The investigation was evidently settled in Holyrood’s favour and in 1430 Bishop Henry Wardlaw of St Andrews issued a confirmation of the union and arrangement for the vicarage.(16)  A further confirmation followed a fresh supplication from the convent in 1449 as part of a response to a number of challenges to the appropriation of various churches to Holyrood.(17)  The union was maintained thereafter down to the Reformation, at which time it was noted that the parsonage and vicarage were set by the canons for £100 13s 4d, while the vicarage was held by John Wolsoun, valued at £66 13s 4d, from which 20 merks were deducted to pay a curate.(18)

For so large and wealthy a parish church, it is striking that there is little evidence for wider acts of patronage and endowment in its support by local landowning families or burgesses of Kinghorn.  There is only one reference in a surviving source to a secondary altar within the parish church, dedicated to St James.  This reference occurs in 1485, when the altar was served by David Pearson, chaplain, the patronage of the altar being noted as lying in the hands of the bailies of the burgh.(19)  We have no indication of when the altar and chaplainry were founded, by whom, and with what source of endowment.  It is not recorded as a separate benefice at the time of the Reformation.

Notes

1. S Taylor and G Markus, The Place-Names of Fife, i, West Fife between Leven and Forth (Donington, 2006), 391.  The dedication is mentiond explicitly in an indulgence granted in 1290 for those visiting the church of All Saints at Kinghorn on the feasts of All Saints, the Assumption and St Leonard: Calendar of Entries in the Papal Registers Relation to Great Britain and Ireland: Papal Letters, i, 1198-1304, ed W H Bliss (London, 1893), 512.

2. Calendar of Scottish Supplications to Rome, i, 1418-1422, eds E R Lindsay and A I Cameron (Scottish History Society, 1934), 92-4 [hereafter CSSR, i].

3. Regesta Regum Scottorum, ii The Acts of William I, ed G W S Barrow (Edinburgh, 1971), no.540A.

4. Liber Cartarum Sancte Crucis (Bannatyne Club, 1840), no.47 [hereafter Holyrood Liber].

5. Holyrood Liber, no.76.

6. A O Anderson (ed), Early Sources of Scottish History, ii (Edinburgh, 1922), 523 [Pontifical Offices of St Andrews].

7. A I Dunlop (ed), ‘Bagimond’s Roll: Statement of the Tenths of the Kingdom of Scotland’, Miscellany of the Scottish History Society, vi (1939), 40.

8. Calendar of Papal Letters to Scotland of Benedict XIII of Avignon 1394-1419, ed F McGurk (Scottish History Society, 1976), 69 [hereafter CPL, Benedict XIII].

9. Holyrood Liber, no111 and Appendix nos 13, 14.

10. CPL, Benedict XIII, 81, 99.

11. Calendar of Entries in the Papal Registers Relating to Great Britain and Ireland: Petitions to the Pope, ed W H Bliss (London, 1897), 637.

12. CPL, Benedict XIII, 289.

13.CSSR, i, 7-8.

14.CSSR, i, 178.

15.CSSR, i, 92-4

16. Holyrood Liber, no.115.

17. Calendar of Scottish Supplications to Rome, v, 1447-1471, eds J Kirk, R J Tanner and A I Dunlop (Glasgow, 1997), no.264.

18. J Kirk (ed), The Books of Assumption of the Thirds of Benefices (Oxford, 1995), 80, 91.

19. Protocol Book of James Young, 1485-1515, ed G Donaldson (Scottish Record Society, 1952), no.18.

Summary of relevant documentation

Medieval

Synopsis of Cowan’s Parishes: Known as Magna Kinghorn, the church was granted to Holyrood by William I, with the parsonage fruits divided between the abbey and the parsons in a later arrangement.
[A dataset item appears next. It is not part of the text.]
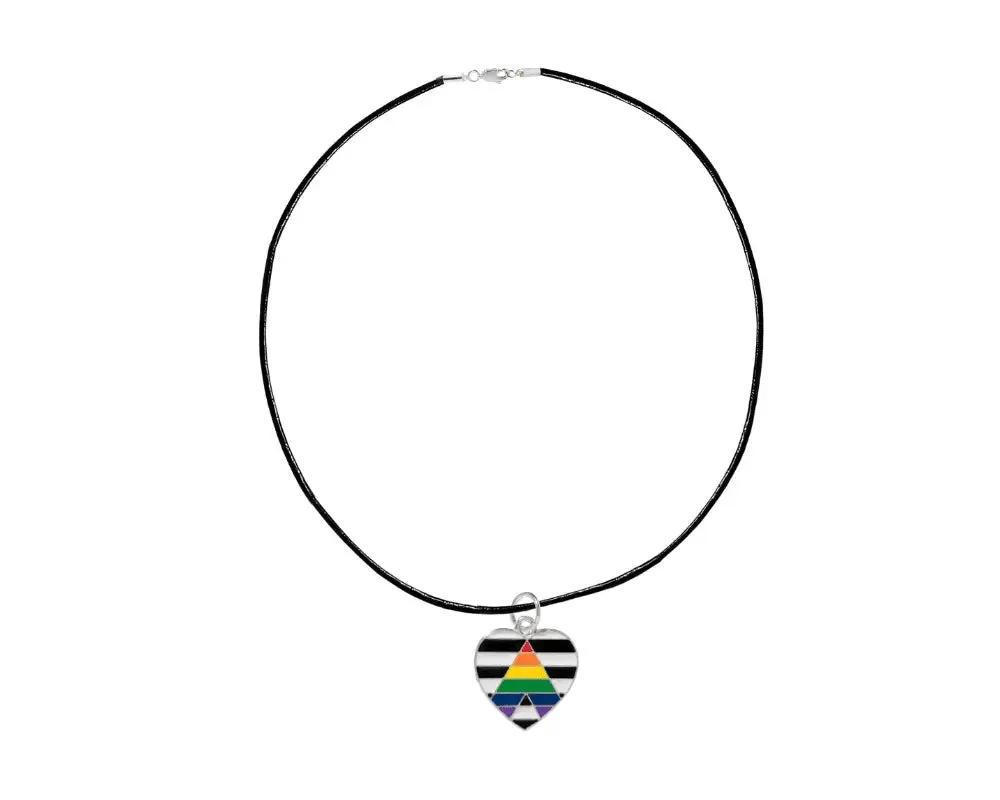 Black Cord Straight Ally LGBTQ Pride Heart Necklaces ()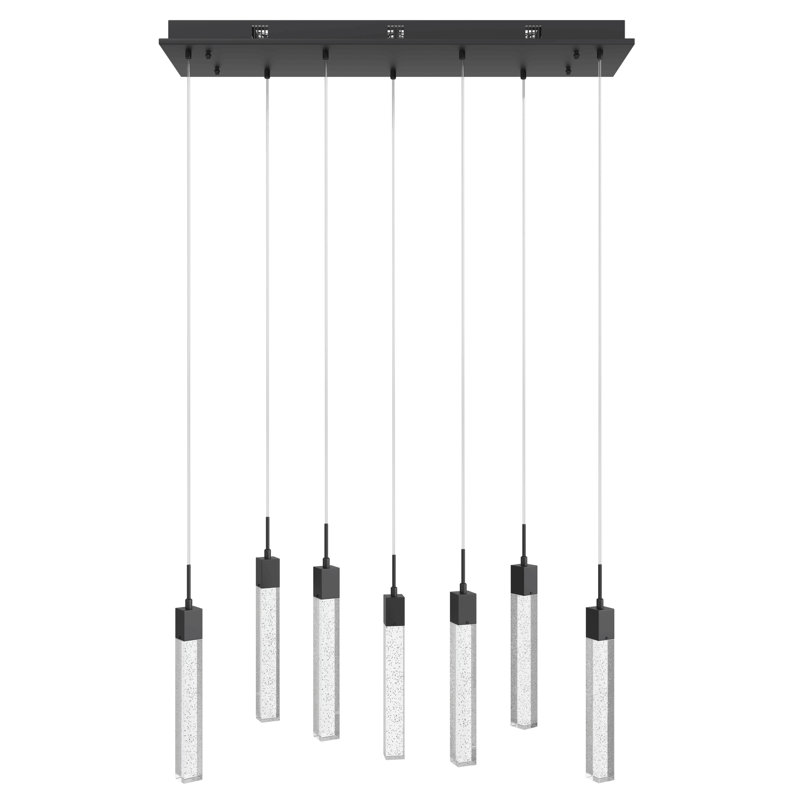 Original Glacier 7 - Light Pendant, Bubbled Glacier K9, Black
The church was fully annexed in 1397 with a canon serving the cure.(1)

Place Names of Fife vol. 1:  Taylor/Markus note that the church was dedicated to All Saints; it was first mentioned in the undernoted indulgence in 1290.(2)

1165x78 Abbey received the church of Kinghorn Easter from Richard, bishop of St Andrews, confirmed by William I.(3)

1224x31 William, bishop of St Andrews, gave half the teinds of wheat (garbal teinds) to the abbey in simplex beneficium to help sustain the poor and pilgrims [on way to St Andrews?].(4)

1244 Possession of the church with half the garbal teinds and three acres of land confirmed by David de Bernham, bishop of St Andrews; parsonage divided between abbey and parson.(5)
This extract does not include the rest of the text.